In Istanbul fand eine Kundgebung der Werftarbeitergewerkschaft Limter-Iş statt, auf der die lebensgefährlichen Arbeitsbedingungen scharf kritisiert und Zahlen zu Todesfällen auf der Arbeit aus dem Bericht des gewerkschaftsnahe Verbands für Arbeitsplatzsicherheit (İSİG) vorgestellt wurden.

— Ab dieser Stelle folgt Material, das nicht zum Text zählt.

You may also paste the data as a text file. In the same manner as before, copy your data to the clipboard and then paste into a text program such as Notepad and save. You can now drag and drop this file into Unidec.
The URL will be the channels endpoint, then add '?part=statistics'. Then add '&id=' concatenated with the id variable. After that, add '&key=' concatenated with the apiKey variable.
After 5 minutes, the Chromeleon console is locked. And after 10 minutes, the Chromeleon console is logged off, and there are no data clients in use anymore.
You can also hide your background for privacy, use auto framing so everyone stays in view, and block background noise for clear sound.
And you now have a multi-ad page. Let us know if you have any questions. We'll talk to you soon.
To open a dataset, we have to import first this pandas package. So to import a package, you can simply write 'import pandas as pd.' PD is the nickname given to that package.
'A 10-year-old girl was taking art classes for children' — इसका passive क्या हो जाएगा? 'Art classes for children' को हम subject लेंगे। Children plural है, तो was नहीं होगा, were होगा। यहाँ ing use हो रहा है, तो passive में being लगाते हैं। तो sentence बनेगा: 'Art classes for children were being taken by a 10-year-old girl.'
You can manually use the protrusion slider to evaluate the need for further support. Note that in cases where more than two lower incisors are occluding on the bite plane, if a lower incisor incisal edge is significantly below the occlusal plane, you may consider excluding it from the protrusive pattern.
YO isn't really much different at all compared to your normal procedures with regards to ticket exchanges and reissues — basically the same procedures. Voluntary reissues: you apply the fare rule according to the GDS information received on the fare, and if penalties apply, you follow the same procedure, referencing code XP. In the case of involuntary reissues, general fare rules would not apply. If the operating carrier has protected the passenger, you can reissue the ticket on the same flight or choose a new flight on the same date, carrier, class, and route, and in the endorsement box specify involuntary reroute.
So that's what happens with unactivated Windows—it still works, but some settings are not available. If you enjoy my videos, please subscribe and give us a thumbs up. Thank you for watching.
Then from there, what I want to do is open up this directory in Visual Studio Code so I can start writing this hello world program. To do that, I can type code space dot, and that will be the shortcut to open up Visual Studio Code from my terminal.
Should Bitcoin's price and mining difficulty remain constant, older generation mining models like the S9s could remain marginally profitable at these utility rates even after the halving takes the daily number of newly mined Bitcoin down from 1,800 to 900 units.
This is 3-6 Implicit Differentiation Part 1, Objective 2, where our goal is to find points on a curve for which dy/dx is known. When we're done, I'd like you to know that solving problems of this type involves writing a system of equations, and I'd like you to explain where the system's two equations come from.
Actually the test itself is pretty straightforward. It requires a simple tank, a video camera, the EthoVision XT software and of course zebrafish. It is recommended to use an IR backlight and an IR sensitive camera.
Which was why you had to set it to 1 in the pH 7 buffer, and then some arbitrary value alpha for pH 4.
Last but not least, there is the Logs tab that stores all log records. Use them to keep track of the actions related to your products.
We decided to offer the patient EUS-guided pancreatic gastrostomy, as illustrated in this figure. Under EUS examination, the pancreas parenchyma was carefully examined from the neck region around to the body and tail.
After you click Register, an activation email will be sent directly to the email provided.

„Wir können nicht überleben“
Auf der Kundgebung berichtete der Gewerkschaftssekretär Kanber Saygılı in einem Redebeitrag von den entwürdigenden und gefährlichen Arbeitsbedingungen und erklärte: „Lange Arbeitszeiten, die Arbeit für zwei soll eine Person allein machen, schlechtes Essen, fehlende Arbeitsschutzmaßnahmen, Beleidigungen durch die Chefs, all das prägt das Arbeitsleben hier. Wir arbeiten nicht, um zu leben, sondern sind gezwungen, für die Arbeit zu leben - für die gestiegenen Kosten für Miete, Lebensmittel, Bildung, Gesundheitsausgaben, Strom, Wasser und die Gasrechnung. Die offizielle Inflation liegt bei 15 Prozent, aber in Wirklichkeit hat die Inflation 35 bis 40 Prozent erreicht. Es geht nicht mehr weiter, wir können so nicht überleben.“
2.427 Tote in einem Jahr
Unter dem AKP-Regime werde versucht, die Arbeiterklasse durch Unsicherheit zu disziplinieren. In der Regierungszeit der AKP hätten insgesamt mindestens 27.000 Menschen ihr Leben durch mangelnde Sicherheit bei der Arbeit verloren. Die Situation habe sich mit der Pandemie noch verschlimmert, erklärte Saygılı: „In der Türkei findet das größte Verbrechen an den Gesundheitsbeschäftigten statt. Allein im Jahr 2020 starben insgesamt 2.427 Menschen an den Folgen von mangelndem Arbeitsschutz. Wir sprechen hier von Morden, die begangen wurden, um die politische und ökonomische Krise zu überwinden.“
226 Werftarbeiter gestorben
In den letzten acht Jahren seien außerdem mindestens 226 Werftarbeiter gestorben. Der Gewerkschafter führte aus: „Insbesondere in Tuzla, Aliağa und Altınova haben die Arbeitsmorde zugenommen. Viele Schiffsarbeiter sind auf offener See gestorben. Die meisten Todesfälle wurden durch Ertrinken, Zerquetschen, Abstürzen aus der Höhe, Explosionen, Verbrennungen, Herzinfarkte und Erschlagen durch Objekte verursacht. Das Subunternehmersystem schafft Arbeitsbedingungen, welche die Gefahr massiv erhöhen. Arbeiter auf Schiffen sind auf dem offenen Meer vollständig unregulierter Arbeit ausgesetzt. Der Sektor beschäftigt Arbeitnehmer aus der ganzen Türkei, aber auch aus anderen Ländern. Der Tod auf der Arbeit geht nicht nach nationaler oder ethnischer Zugehörigkeit. Mit anderen Worten: Gemeinsamer Kampf braucht eine gemeinsame Organisierung.“
Forderungen der Gewerkschaften
Saygılı stellte die Forderungen vor, mit denen für ein Ende der Todesfälle gesorgt werden könne: „Die Verantwortlichen für die lebensgefährlichen Arbeitsbedingungen, die Arbeitslagern um nichts nachstehen, und für die Arbeitsmorde, müssen vor Gericht gestellt werden. Es müssen Maßnahmen zur Arbeitssicherheit getroffen werden. Es darf keine überlangen Arbeitszeiten geben. Jede Werft muss über Erste-Hilfe-Ausrüstung verfügen. Die Löhne der Arbeiter müssen rechtzeitig und in angemessener Höhe gezahlt werden. Die Versicherungsprämien, die nicht gezahlt wurden, müssen nachgezahlt werden. Schluss mit den Subunternehmen. Die Behinderungen der Gewerkschaftsarbeit müssen aufgehoben werden.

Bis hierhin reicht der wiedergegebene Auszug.